Many couples believe that on the breakdown of a marriage their assets will be divided equally between them.  Hannah Sims, a solicitor in our family team, considers some of the circumstances when this approach is not appropriate.

An important consideration on the breakdown of a marriage is the division of joint finances following an often long period of pooled financial resources.  One commonly held view is that such assets will inevitably be split in half, with each party to the marriage receiving 50% of the total matrimonial assets.  Although the ‘equal sharing principle’ is the starting point and a fundamental principle in the consideration of matrimonial finances, there are numerous instances where such resolution is simply not appropriate.

The court’s ambition is to provide a fair outcome for both parties taking into consideration all the facts of the case.  There are a set of statutory factors that are taken into consideration.  The first consideration must always be given to the welfare of any children of the marriage.  Following this, the factors to which the court should have regard include, but are not limited to, the resources of both parties (including capital and income), the parties’ ages and earning capacities, the duration of the marriage and each parties’ reasonable needs.  It is this balancing act of each parties’ respective interests that often gives rise to a deviation from the 50:50 split.
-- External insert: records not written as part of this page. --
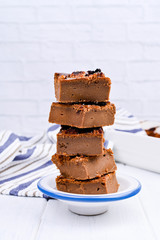 Chocolate cake with salt and caramel cookies on a white background. Traditional American dessert cut into portions. Free space for text. Copy space.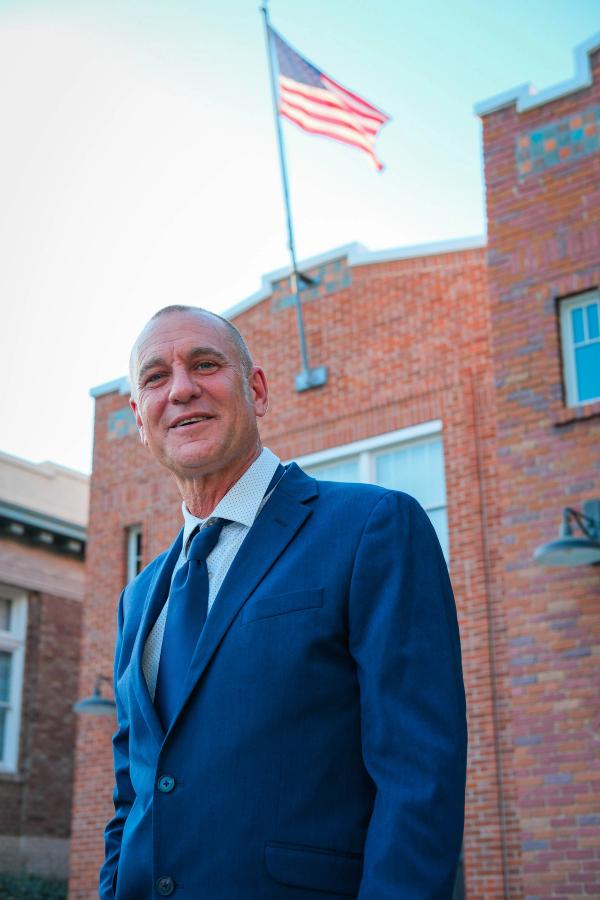 Candidate in front of a brick building with an American flag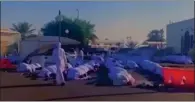  ?? ?? Residents offer funeral prayers for an elderly American woman at a mosque in Abu Dhabi in a screen grab from a video shared by UAE Minister of Interior, Lt-gen Sheikh Saif bin Zayed Al Nahyan. — supplied photo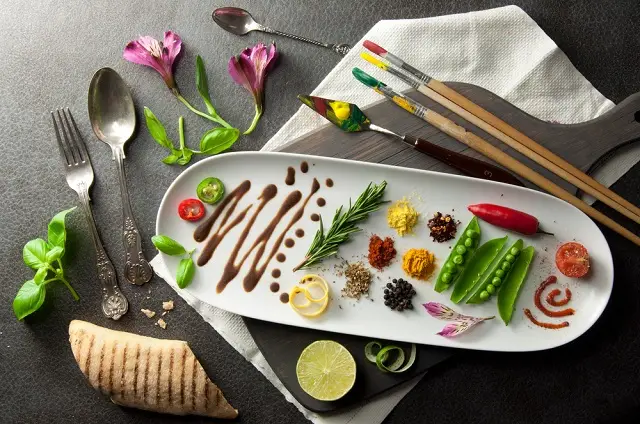 Colorful ingredients arranged artistically on a plate with herbs, spices, and sauces, symbolizing creativity and presentation in culinary art.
Consider a young family where the wife has given up work to care for the three children of the marriage.  On divorce, would it be fair to leave the wife ‘high and dry’ with only a 50% share of the couple’s modest assets and no income to rely on?  Although the couple live a comfortable lifestyle, on one party’s income alone their assets will not stretch to setting up and maintaining two households.

In such a set of circumstances, the court’s first consideration is the welfare of the children and ensuring that they are securely and adequately housed.  This would be what is commonly referred to as a ‘needs case’.  The wife, as the primary carer for the children, has a housing need which needs to be met from the matrimonial assets.  If there is insufficient capital to provide this on only a 50% share of the assets, the courts will not hesitate in giving the wife a greater share of the pot.  It may be that, if the wife requires more than a fair proportion of the assets in order to rehouse, the husband can maintain an interest in any property purchased by the wife such interest being released to him on the youngest child of the family reaching majority; at which point the wife’s housing need is reduced.

In terms of income, it is likely the husband will have to maintain the wife at least until she has had a reasonable amount of time to become financially independent. The wife has indefinitely reduced her earning capacity in giving up her job to care for the children and this will be recognised by the courts.  Such a contribution to the family is, in the eyes of the law, equal to the financial contribution made by the earnings of the father.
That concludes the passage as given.